Repeat verbatim every line of the material, beginning at the line that holds "18 Chifley Ave, Sefton NSW 2162" and ending at its last line.

Raw data:
────────────────────────────────────────

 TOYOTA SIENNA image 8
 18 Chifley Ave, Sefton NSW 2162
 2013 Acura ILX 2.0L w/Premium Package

────────────────────────────────────────

Expected answer:
 18 Chifley Ave, Sefton NSW 2162
 2013 Acura ILX 2.0L w/Premium Package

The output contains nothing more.